§ **Your assignment**
Repeat exactly, and only, the lines of the entries below from the one with "18051 Biscayne Blvd 1905 Property Photo 5" through the one with "PACK 20h CARTULINA", both ends included.

§ **Data for review**
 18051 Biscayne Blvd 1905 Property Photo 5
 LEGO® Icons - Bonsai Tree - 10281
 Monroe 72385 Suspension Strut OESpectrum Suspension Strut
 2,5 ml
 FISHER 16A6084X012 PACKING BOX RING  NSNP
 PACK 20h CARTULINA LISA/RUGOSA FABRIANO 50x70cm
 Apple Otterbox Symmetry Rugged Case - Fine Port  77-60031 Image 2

==

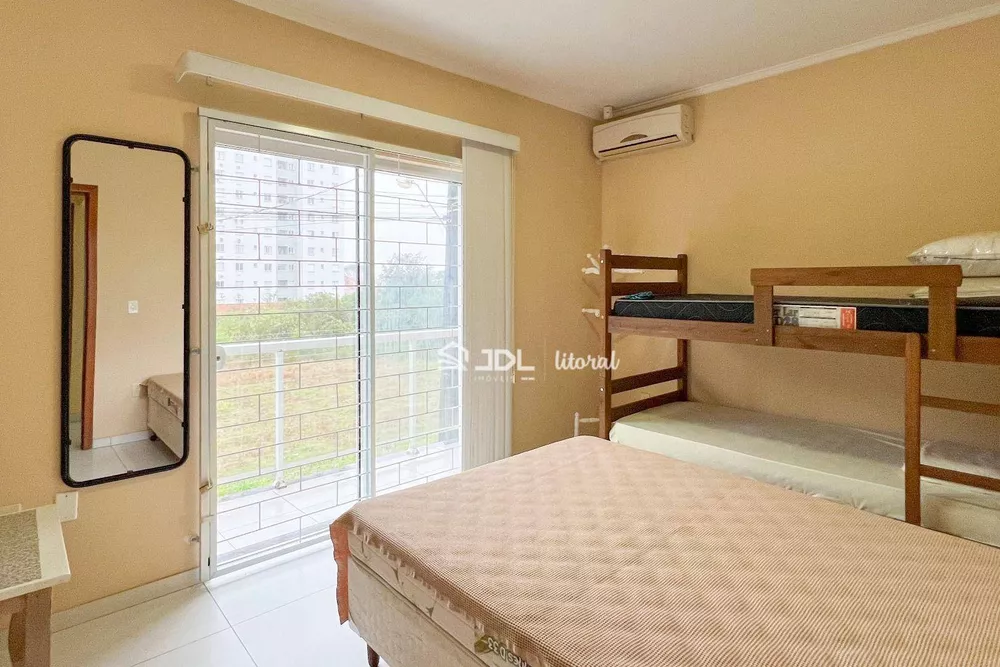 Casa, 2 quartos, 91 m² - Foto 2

--

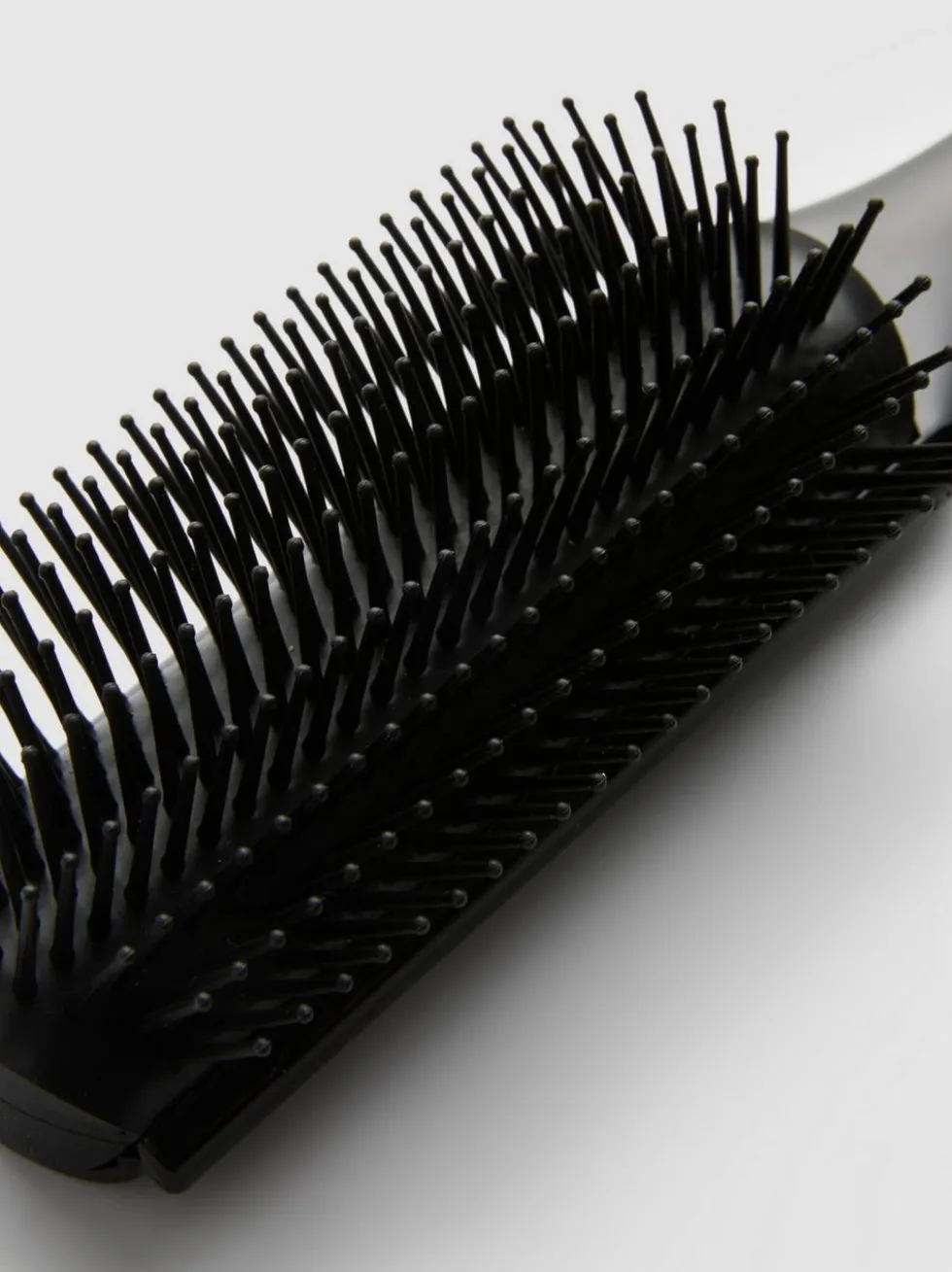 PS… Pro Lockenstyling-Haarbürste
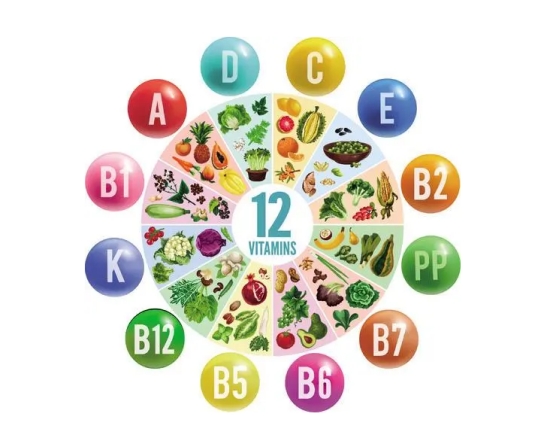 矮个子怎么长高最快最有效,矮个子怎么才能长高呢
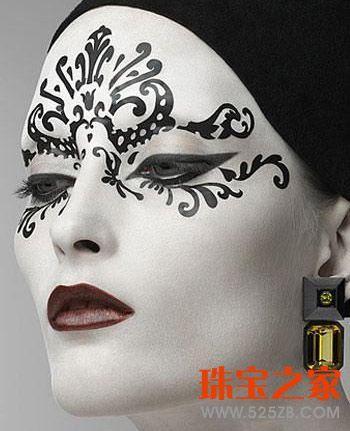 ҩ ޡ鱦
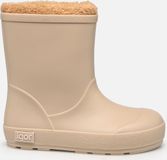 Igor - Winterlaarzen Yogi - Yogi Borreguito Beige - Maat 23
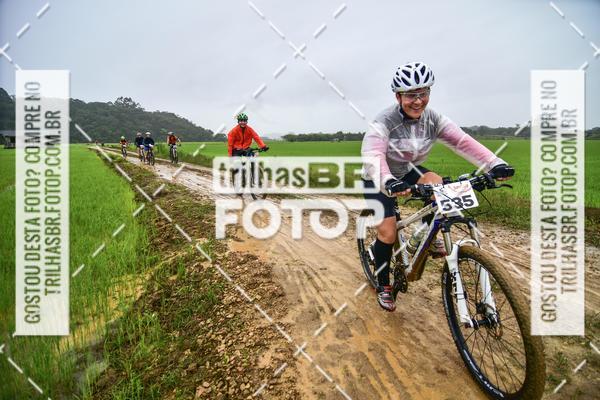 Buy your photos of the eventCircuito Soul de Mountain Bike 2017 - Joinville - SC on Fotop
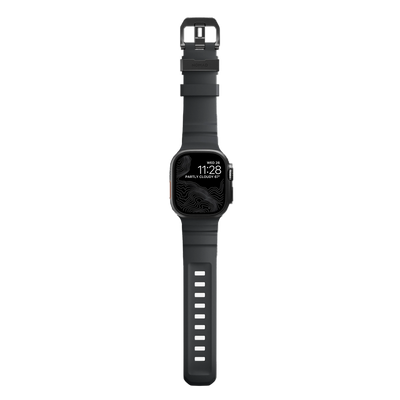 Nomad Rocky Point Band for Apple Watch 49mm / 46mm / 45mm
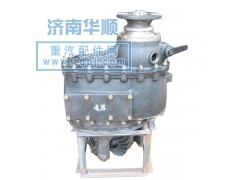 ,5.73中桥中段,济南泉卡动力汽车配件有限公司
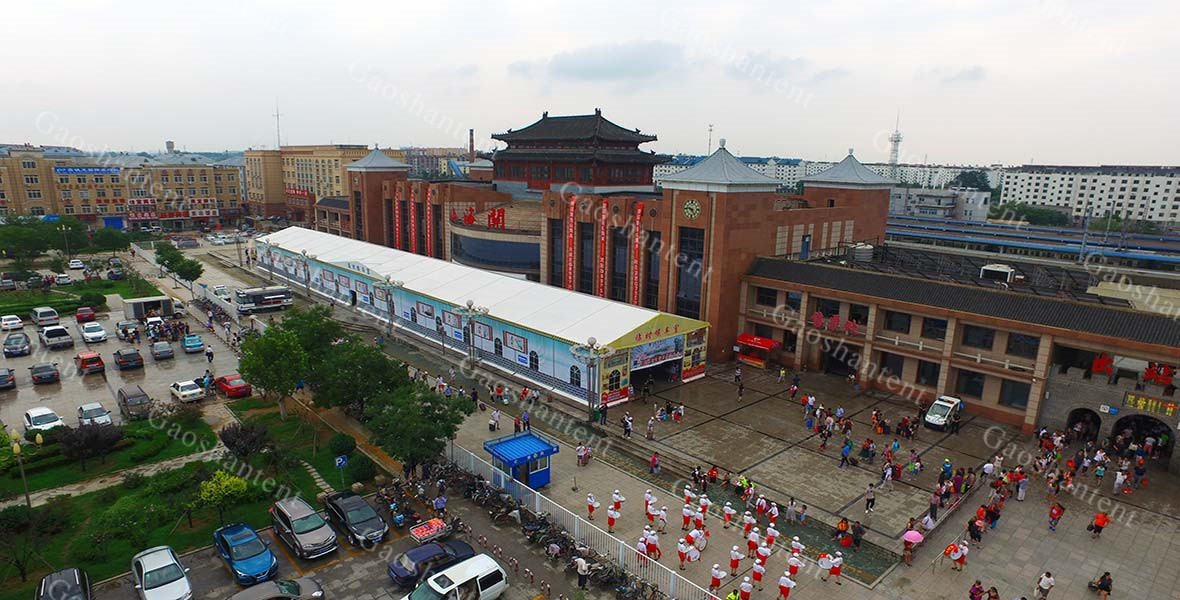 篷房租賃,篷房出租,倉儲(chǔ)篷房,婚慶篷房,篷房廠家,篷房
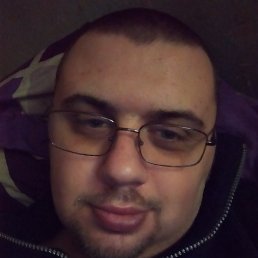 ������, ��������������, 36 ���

§ **Written response**
 18051 Biscayne Blvd 1905 Property Photo 5
 LEGO® Icons - Bonsai Tree - 10281
 Monroe 72385 Suspension Strut OESpectrum Suspension Strut
 2,5 ml
 FISHER 16A6084X012 PACKING BOX RING  NSNP
 PACK 20h CARTULINA LISA/RUGOSA FABRIANO 50x70cm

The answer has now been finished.